◆ Exercise goal ◆
Whatever lines the data contains, output all of them unchanged.

◆ Entries supplied ◆
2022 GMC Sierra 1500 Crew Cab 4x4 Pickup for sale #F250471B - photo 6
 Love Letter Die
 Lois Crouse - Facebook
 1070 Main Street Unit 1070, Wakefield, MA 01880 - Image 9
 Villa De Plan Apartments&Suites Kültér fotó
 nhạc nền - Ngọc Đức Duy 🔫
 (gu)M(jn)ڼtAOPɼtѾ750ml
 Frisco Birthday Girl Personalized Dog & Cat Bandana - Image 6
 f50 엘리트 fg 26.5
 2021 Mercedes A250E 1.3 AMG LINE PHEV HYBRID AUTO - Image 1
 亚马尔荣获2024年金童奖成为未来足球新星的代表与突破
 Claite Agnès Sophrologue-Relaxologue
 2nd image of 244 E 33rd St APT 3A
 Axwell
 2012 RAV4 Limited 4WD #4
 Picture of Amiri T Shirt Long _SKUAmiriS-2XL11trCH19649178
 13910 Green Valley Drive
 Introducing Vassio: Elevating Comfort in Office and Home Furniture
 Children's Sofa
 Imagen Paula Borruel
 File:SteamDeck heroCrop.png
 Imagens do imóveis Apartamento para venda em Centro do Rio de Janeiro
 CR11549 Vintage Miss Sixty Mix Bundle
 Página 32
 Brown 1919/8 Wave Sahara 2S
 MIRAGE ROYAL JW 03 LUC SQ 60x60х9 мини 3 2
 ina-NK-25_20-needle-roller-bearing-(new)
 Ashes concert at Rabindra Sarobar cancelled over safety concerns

◆ Answer for the task ◆
2022 GMC Sierra 1500 Crew Cab 4x4 Pickup for sale #F250471B - photo 6
 Love Letter Die
 Lois Crouse - Facebook
 1070 Main Street Unit 1070, Wakefield, MA 01880 - Image 9
 Villa De Plan Apartments&Suites Kültér fotó
 nhạc nền - Ngọc Đức Duy 🔫
 (gu)M(jn)ڼtAOPɼtѾ750ml
 Frisco Birthday Girl Personalized Dog & Cat Bandana - Image 6
 f50 엘리트 fg 26.5
 2021 Mercedes A250E 1.3 AMG LINE PHEV HYBRID AUTO - Image 1
 亚马尔荣获2024年金童奖成为未来足球新星的代表与突破
 Claite Agnès Sophrologue-Relaxologue
 2nd image of 244 E 33rd St APT 3A
 Axwell
 2012 RAV4 Limited 4WD #4
 Picture of Amiri T Shirt Long _SKUAmiriS-2XL11trCH19649178
 13910 Green Valley Drive
 Introducing Vassio: Elevating Comfort in Office and Home Furniture
 Children's Sofa
 Imagen Paula Borruel
 File:SteamDeck heroCrop.png
 Imagens do imóveis Apartamento para venda em Centro do Rio de Janeiro
 CR11549 Vintage Miss Sixty Mix Bundle
 Página 32
 Brown 1919/8 Wave Sahara 2S
 MIRAGE ROYAL JW 03 LUC SQ 60x60х9 мини 3 2
 ina-NK-25_20-needle-roller-bearing-(new)
 Ashes concert at Rabindra Sarobar cancelled over safety concerns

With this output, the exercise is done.